China produces about 90 per cent of the world’s solar photovoltaic (PV) components and has by far the world’s largest wind turbine production capacity. The renewable energy executive is “more concerned” about the potential impact of a trade war on economic growth, which may lower the demand for energy in some countries.

“We're working in countries that grow at “4 per cent to 8 per cent” per year, so I still think it's a very healthy environment,” Mr Arcelli said, adding that Acwa Power will not invest in the US in the short term as it focuses on projects in territories it is already in.

Meanwhile, Saudi Arabia has pledged to expand its investments and trade with the US by $600 billion – and potentially beyond that – over the next four years.

Middle East impact

Mr Trump has pulled the US out of the Paris Agreement, the global accord to lower greenhouse gas emissions, and has sought to cement the country’s position as a major supplier of crude oil and liquefied natural gas (LNG).
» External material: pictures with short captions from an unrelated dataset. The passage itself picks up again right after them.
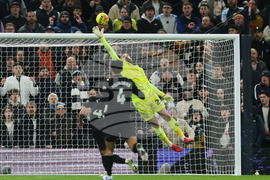 Britain Premier League Soccer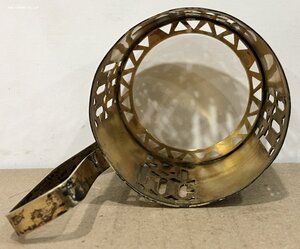 Подстаканник «Москва». Серебро 875 пробы.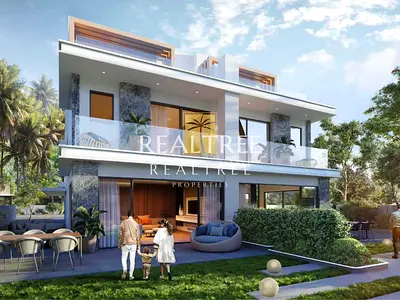 Single Row 4BR Villa | Resale | OP to OP | 40% Paid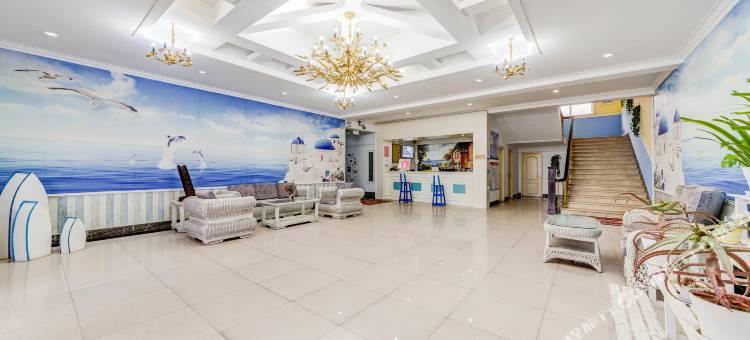 东海滩观海酒店(北戴河碧螺塔店)图片
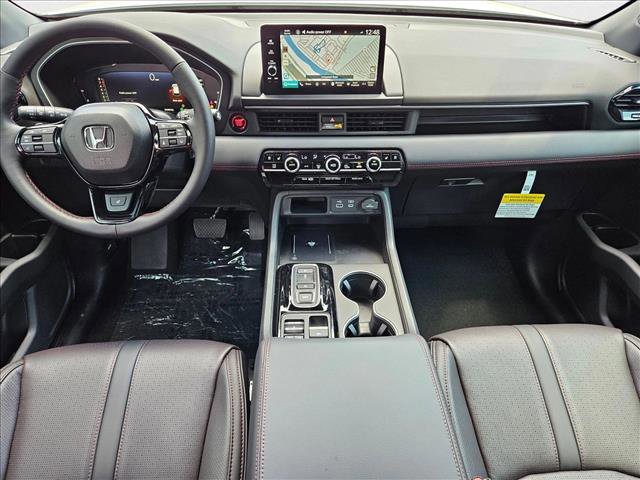 New 2025 Honda Pilot Black Edition image 15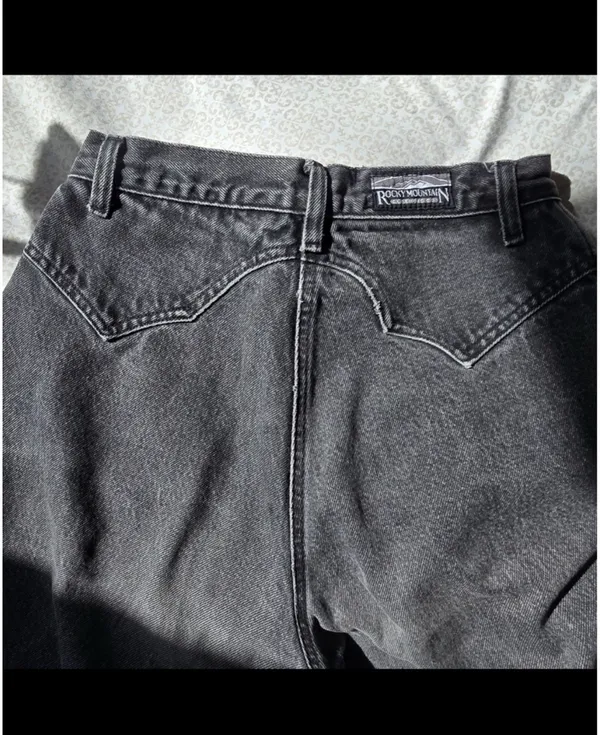 Vintage Rockies Jeans - Image 3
The new US administration is also looking to remove or weaken the Inflation Reduction Act (IRA), the landmark green bill passed by the Biden administration, which allocated billions of dollars in tax credits and subsidies to developers of clean energy projects.

This policy shift away from renewable energy in the US has raised concerns that global energy transition efforts will face more hurdles. However, Mr Arcelli does not expect a slowdown in Saudi Arabia – Acwa Power’s home market – and the wider Gulf region.

“I think that the Gulf and Saudi Arabia are becoming the centre of the world in terms of commitment and driving the energy transition, which I think is predicated on the fact that you have a lot of natural resources here,” he said. “Oman and the Emirates are going ahead with tenders … we are also working in Bahrain and Kuwait for some additional capacity there.”

Renewable energy generation in the Middle East is forecast to grow by about 14 per cent per year from now until 2027, with its share of the overall energy mix rising from 5 per cent to 7 per cent, according to the International Energy Agency.

Green hydrogen bridge

The Middle East and North Africa (Mena) region is emerging as a green hydrogen hub and Europe and Asia could be its most important markets. There is potential for an “energy bridge” between Europe and Saudi Arabia for green hydrogen and direct power exports, driven by Saudi Arabia's competitive energy costs and Europe's need to decarbonise and ensure energy security, Mr Arcelli said.

In February, Acwa Power signed an initial agreement with Germany’s Sefe (Securing Energy for Europe) for the supply of 200,000 tonnes of green hydrogen annually by 2030. The Saudi company will lead development, investment, and operation of green hydrogen and ammonia assets, while Sefe will co-invest and serve as the primary off-taker, using its position as a major European energy trader to market the hydrogen, Acwa Power said at the time.

Acwa Power is also a partner in the $5 billion Neom Green Hydrogen project, the world’s largest, which is expected to be completed next year. The other venture partners are Neom and the US-based Air Products, which has secured an off-take agreement for all the green ammonia produced at the facility. However, the hype around green hydrogen – a fuel produced using renewable energy – seems to be fading due to concerns over its high costs and potential buyers.

“There is still interest in off-takes, and we are in contact in Europe with multiple parties,” Mr Arcelli said. “Despite the fact that the hype may not be the same that you had a couple of years ago, there is still a realisation that this [green hydrogen] will need to happen in by 2030, or in the next decade,” he added.